***** Data for processing
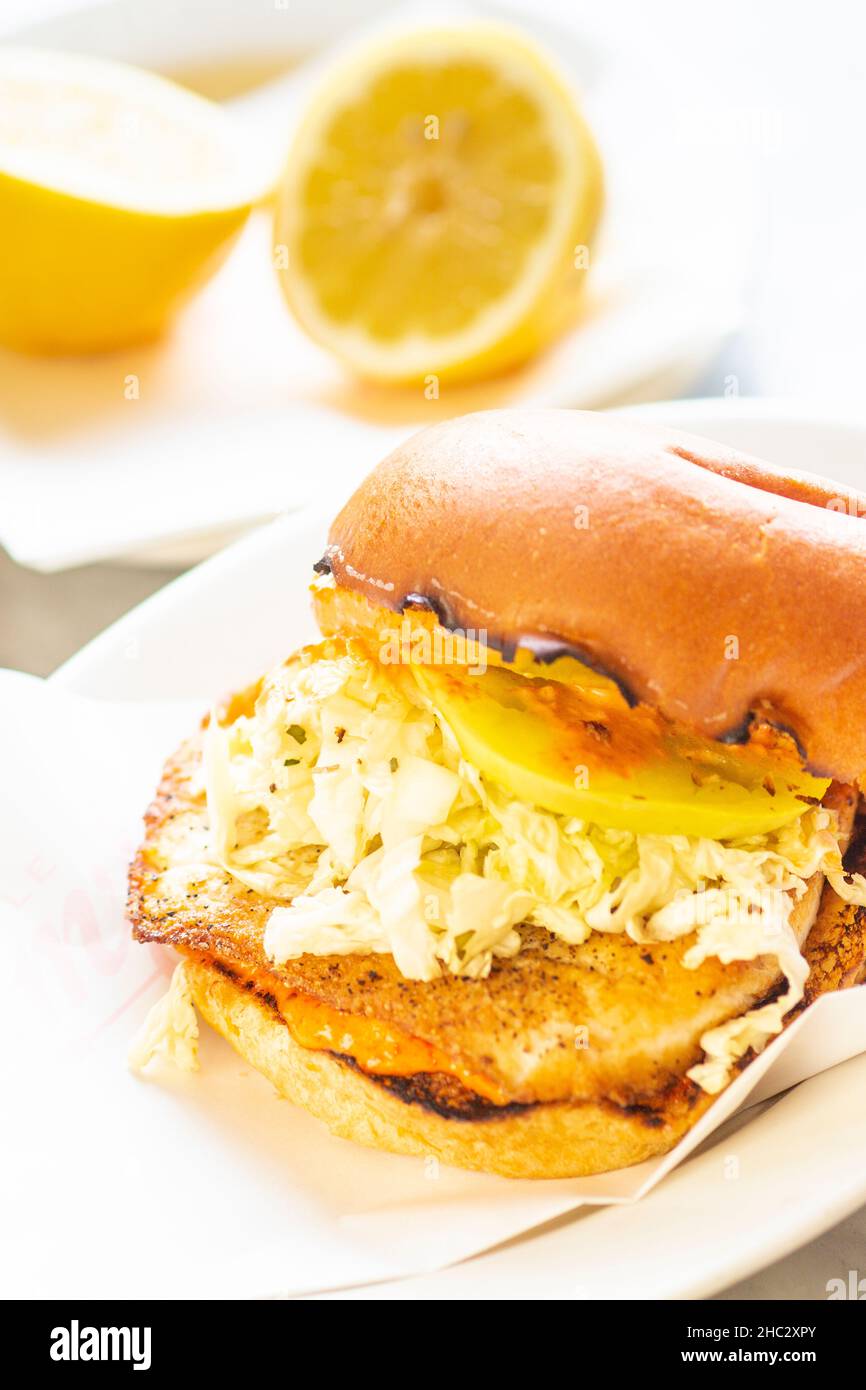 Sandwich di pesce scottato con cavolo di Savoia, pomodoro in salamoia e gili aioli calabresi su una brioche tostata Foto Stock
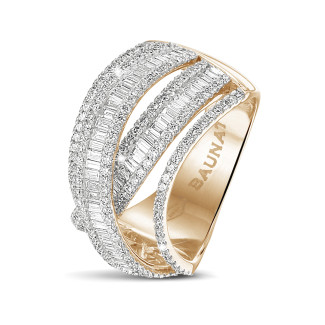 Ringen - 1.50 karaat ring in rood goud met ronde en baguette diamanten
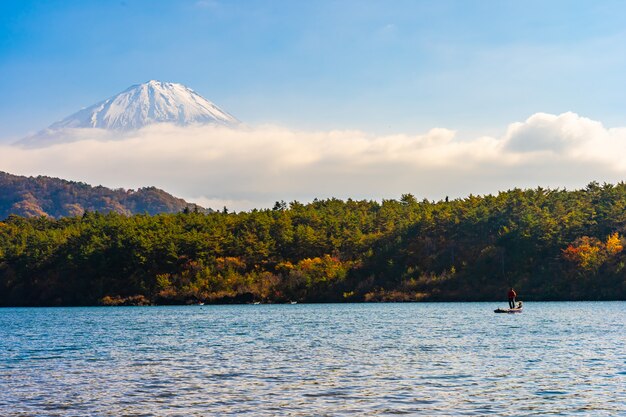 Hermoso paisaje de montaña fuji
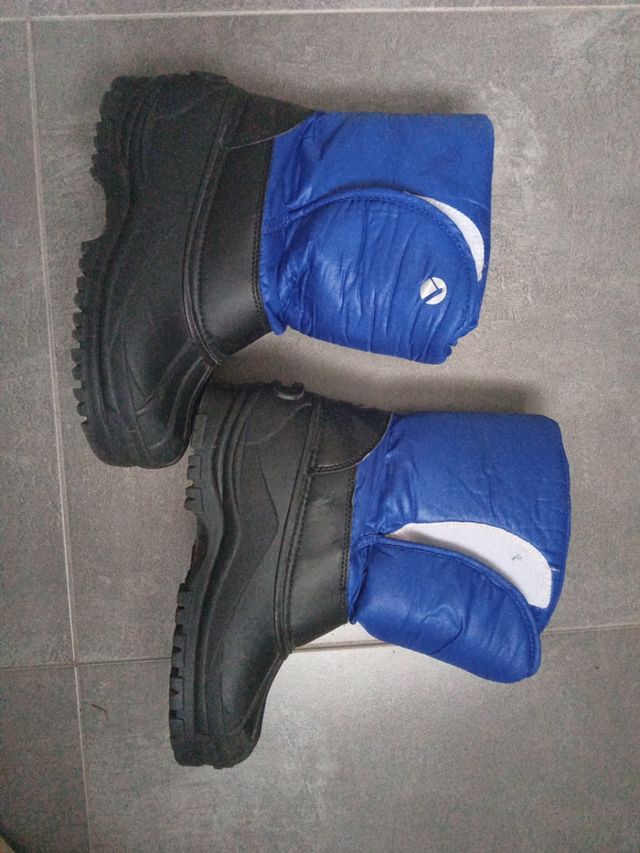 Descansos. Botas de nieve talla 34-35.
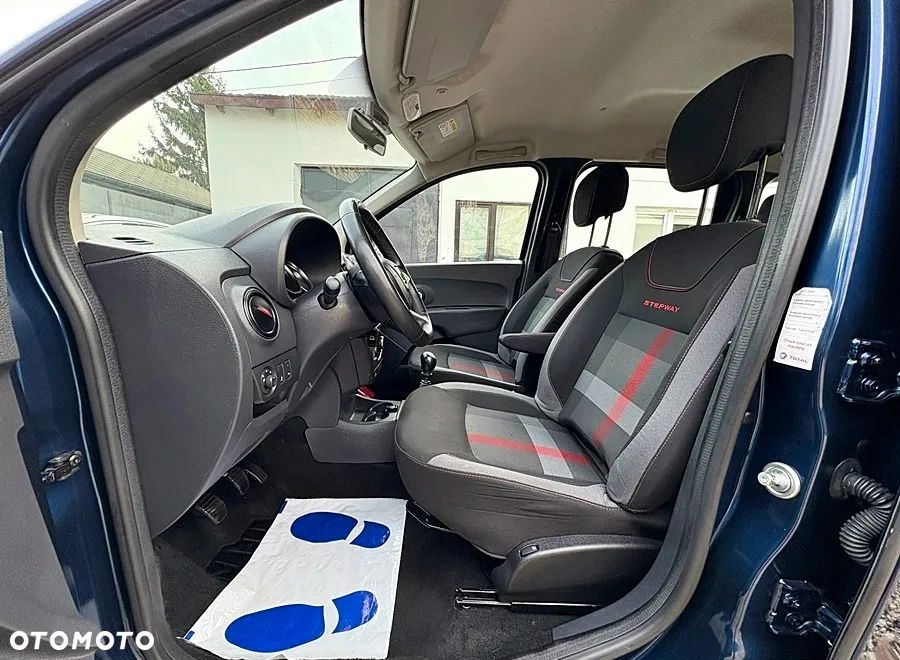 Dacia Lodgy 1.3 TCe Stepway S&S - 10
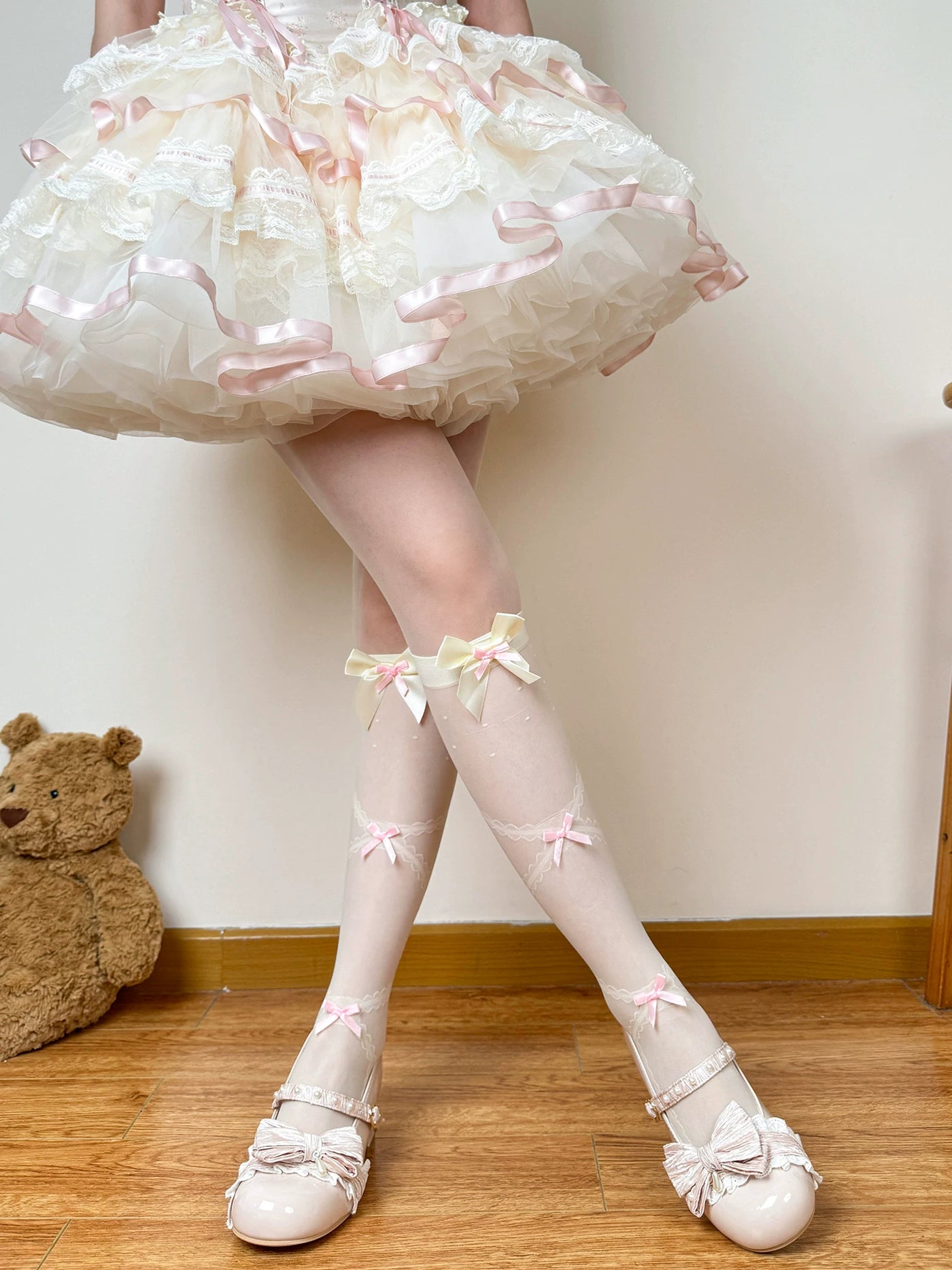 Chubby Bear Tales - Love Letter - Lace-Trimmed Mid-Calf Slouch Socks with Ribbon Bows
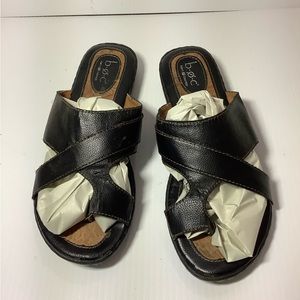 BOC toe  sandals size 8. Black‎ in color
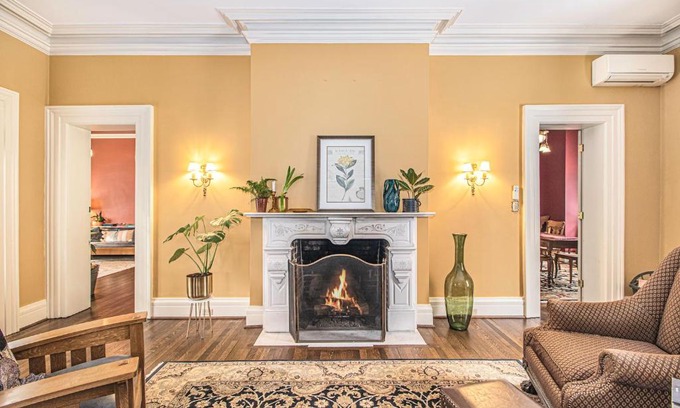 Ypsilanti Bed & Breakfast | The Newton of Ypsilanti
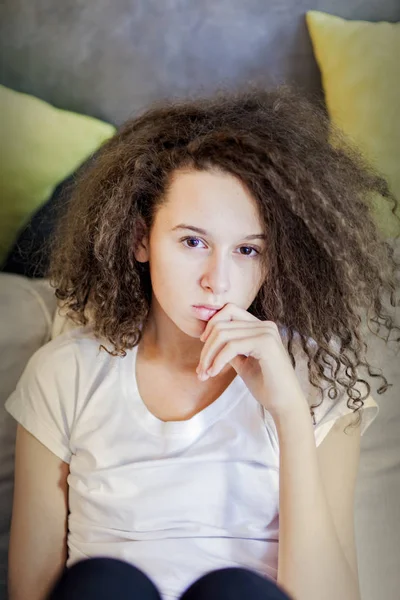 Curly hair  teen girl — Stock Photo, Image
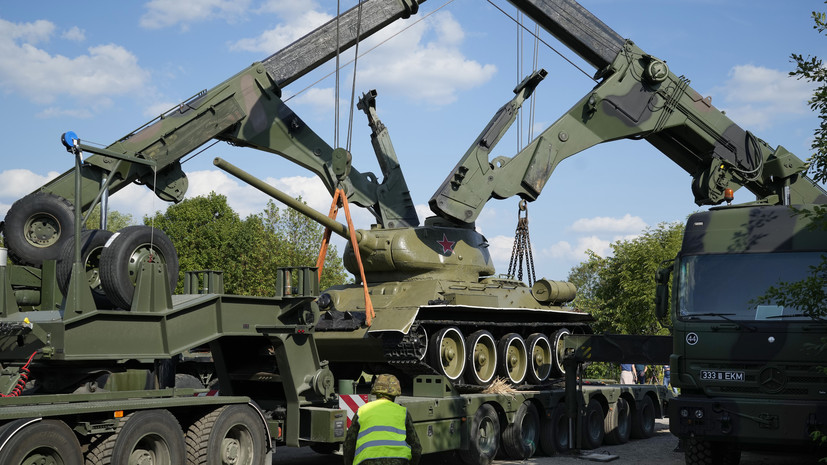 Танк Т-34 и другие военные памятники Нарвы перейдут в собственность эстонского государства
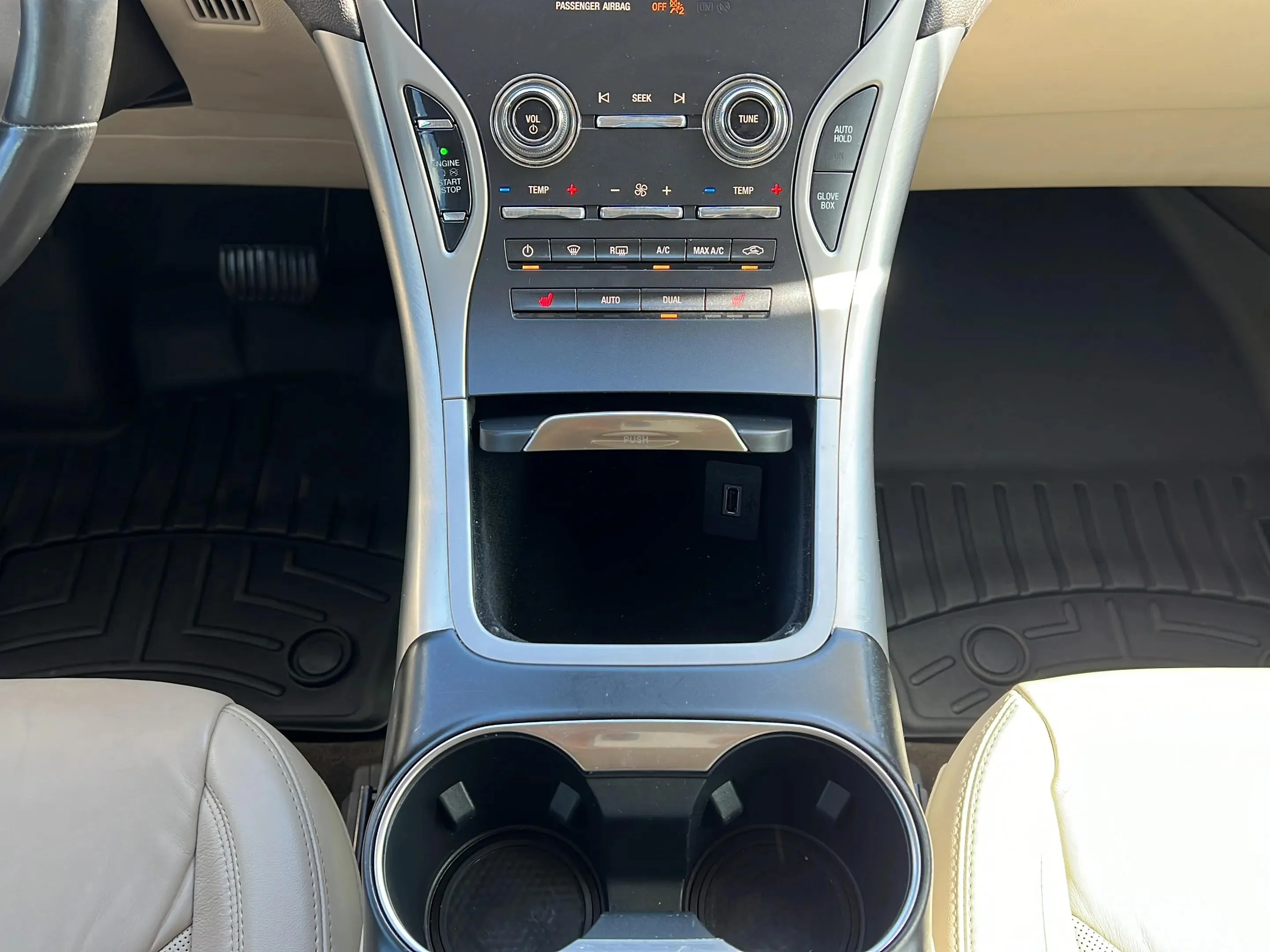 Used 2020 Red Lincoln Standard image 21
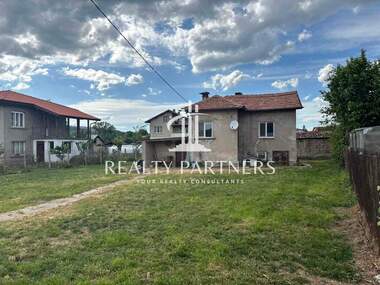 For sale - House in Studena,  Pernik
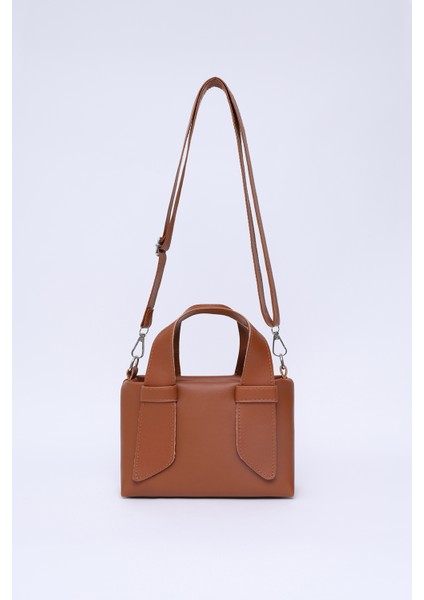 Taba SHK60 Suni Deri, Tek Bölmeli, Fermuarlı, Ayarlanabilir Askılı, El, Kol Ve Omuz Çantası fırsatları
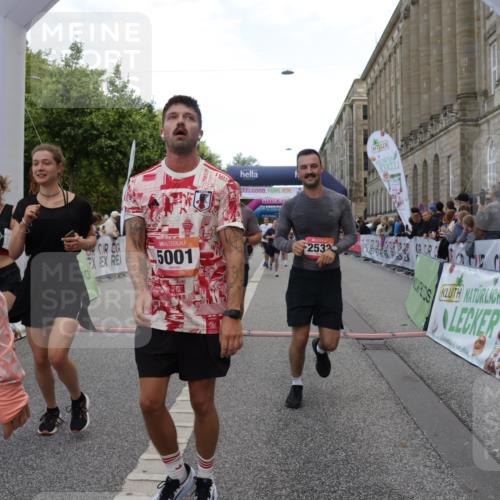 06.09.2026 - CURREX Alsterlauf Yannick Fuchs http://msf.ph/oto/10196690 06.09.2026 10:06:41 Ziel 2270, 2532, 2533, 3142, 3143, 3266, 3267, 3491, 3537, 3855, 4337, 4347, 4725, 5001, 5167, 6085, 6275, 6464 meine-sportfotos.de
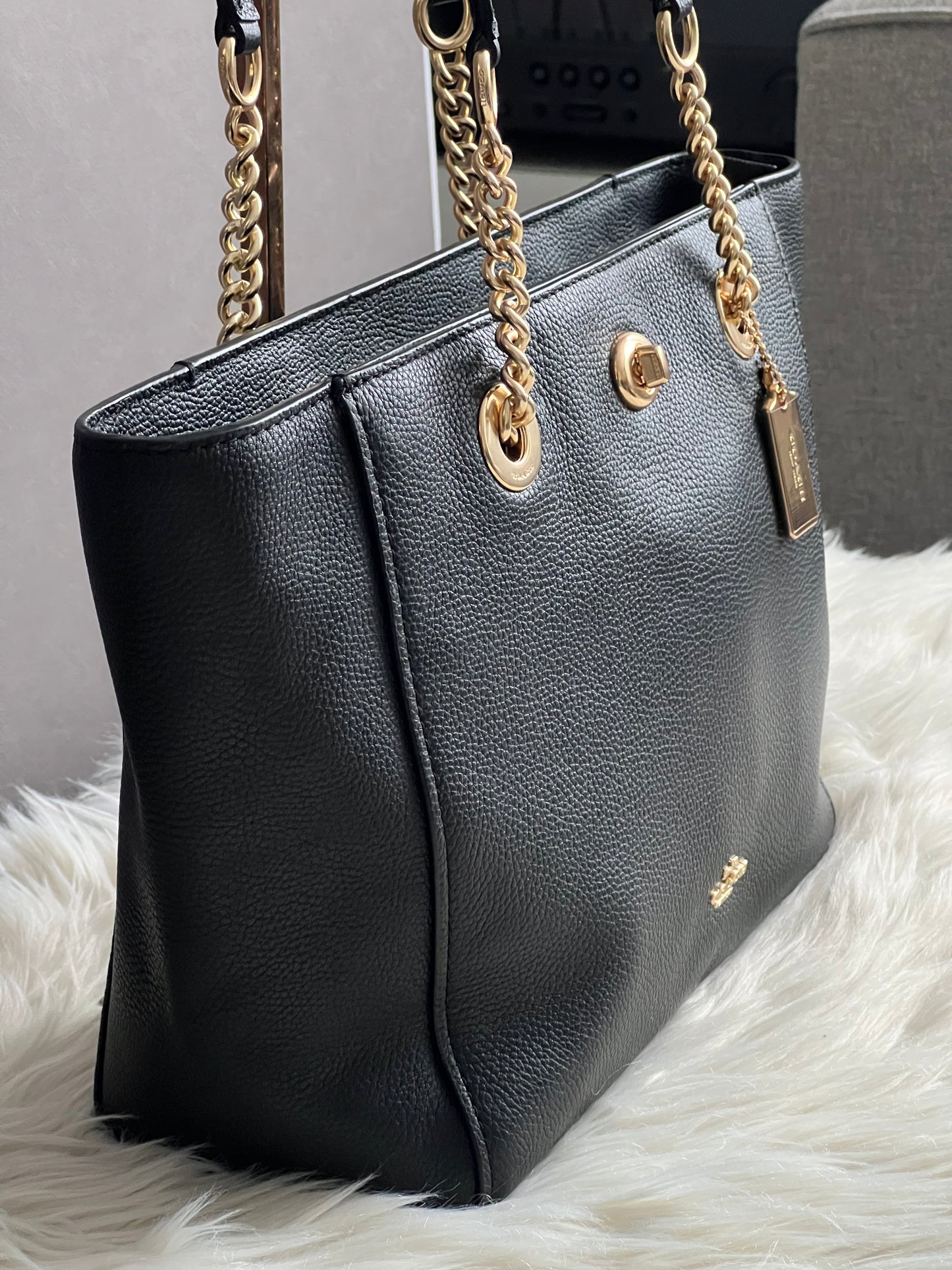 Coach Turnlock Chain Tote 27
**********
- _What the task asks_: Would you transcribe all of the entries above exactly, minus the images?

- _Result_:
 Sandwich di pesce scottato con cavolo di Savoia, pomodoro in salamoia e gili aioli calabresi su una brioche tostata Foto Stock
 Ringen - 1.50 karaat ring in rood goud met ronde en baguette diamanten
 Hermoso paisaje de montaña fuji
 Descansos. Botas de nieve talla 34-35.
 Dacia Lodgy 1.3 TCe Stepway S&S - 10
 Chubby Bear Tales - Love Letter - Lace-Trimmed Mid-Calf Slouch Socks with Ribbon Bows
 BOC toe  sandals size 8. Black‎ in color
 Ypsilanti Bed & Breakfast | The Newton of Ypsilanti
 Curly hair  teen girl — Stock Photo, Image
 Танк Т-34 и другие военные памятники Нарвы перейдут в собственность эстонского государства
 Used 2020 Red Lincoln Standard image 21
 For sale - House in Studena,  Pernik
 Taba SHK60 Suni Deri, Tek Bölmeli, Fermuarlı, Ayarlanabilir Askılı, El, Kol Ve Omuz Çantası fırsatları
 06.09.2026 - CURREX Alsterlauf Yannick Fuchs http://msf.ph/oto/10196690 06.09.2026 10:06:41 Ziel 2270, 2532, 2533, 3142, 3143, 3266, 3267, 3491, 3537, 3855, 4337, 4347, 4725, 5001, 5167, 6085, 6275, 6464 meine-sportfotos.de
 Coach Turnlock Chain Tote 27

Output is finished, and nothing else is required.